Marezzo d’acque avvampate
ondulando t’imbeve.
Tu biglioso frutto
roteando
sballotti lo squarcio impudico
in tre isole in tutto.



C’è un’energia forte, quasi carnale, che attraversa tutto il testo. Le immagini sono dense, stratificate, e cercano un effetto di immersione più che di chiarezza. Alcuni passaggi colpiscono davvero, come “marezzo d’acque avvampate”, che ha una bella vibrazione sonora e visiva.
Allo stesso tempo, però, la lingua sembra a tratti sovraccarica.

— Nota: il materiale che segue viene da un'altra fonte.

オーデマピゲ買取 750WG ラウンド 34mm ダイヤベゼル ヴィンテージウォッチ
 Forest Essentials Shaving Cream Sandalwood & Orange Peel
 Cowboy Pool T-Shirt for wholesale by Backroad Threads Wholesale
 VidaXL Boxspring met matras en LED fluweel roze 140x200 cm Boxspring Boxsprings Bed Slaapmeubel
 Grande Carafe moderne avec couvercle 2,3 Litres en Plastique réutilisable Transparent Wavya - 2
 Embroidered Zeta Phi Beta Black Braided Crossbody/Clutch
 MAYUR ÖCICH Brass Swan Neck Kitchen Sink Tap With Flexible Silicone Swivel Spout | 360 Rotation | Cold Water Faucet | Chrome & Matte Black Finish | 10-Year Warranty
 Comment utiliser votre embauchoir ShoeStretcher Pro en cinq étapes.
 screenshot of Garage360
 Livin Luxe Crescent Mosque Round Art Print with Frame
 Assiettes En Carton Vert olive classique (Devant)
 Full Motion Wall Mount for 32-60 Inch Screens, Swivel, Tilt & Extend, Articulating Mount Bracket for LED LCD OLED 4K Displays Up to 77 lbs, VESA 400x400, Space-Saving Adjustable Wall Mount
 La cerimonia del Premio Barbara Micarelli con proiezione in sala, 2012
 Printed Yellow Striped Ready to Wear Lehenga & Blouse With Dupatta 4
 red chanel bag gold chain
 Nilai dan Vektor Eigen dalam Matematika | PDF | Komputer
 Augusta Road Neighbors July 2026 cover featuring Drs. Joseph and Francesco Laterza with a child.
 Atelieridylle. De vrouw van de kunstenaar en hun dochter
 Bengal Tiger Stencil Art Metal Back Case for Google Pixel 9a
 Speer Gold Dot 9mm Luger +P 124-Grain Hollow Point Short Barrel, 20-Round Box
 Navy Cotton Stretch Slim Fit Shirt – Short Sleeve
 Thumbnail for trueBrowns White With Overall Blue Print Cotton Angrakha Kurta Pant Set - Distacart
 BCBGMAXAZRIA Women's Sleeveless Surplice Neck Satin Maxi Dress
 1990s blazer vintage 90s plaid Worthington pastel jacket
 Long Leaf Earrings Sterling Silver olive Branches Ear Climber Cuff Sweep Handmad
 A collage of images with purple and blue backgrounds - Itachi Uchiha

Parole come “verticolando”, “bandaioli”, “biglioso” creano un’atmosfera, ma rischiano di diventare un filtro troppo spesso: il lettore percepisce l’intenzione, ma fatica ad afferrare un’immagine precisa. È come se il testo chiedesse continuamente di essere decifrato invece che lasciarsi vedere.
Anche la coerenza interna delle immagini ogni tanto vacilla: si passa da elementi naturali a suggestioni corporee senza un vero punto di appoggio, e questo rende l’insieme più dispersivo che misterioso.
La sensazione è che sotto ci sia una tensione interessante, quasi sensuale e materica, ma che potrebbe emergere meglio con qualche sottrazione. Dove lasci respirare l’immagine, il testo funziona; dove accumuli, si appesantisce.
In sintesi: ha una voce, ma deve decidere se farsi sentire o nascondersi dietro la lingua.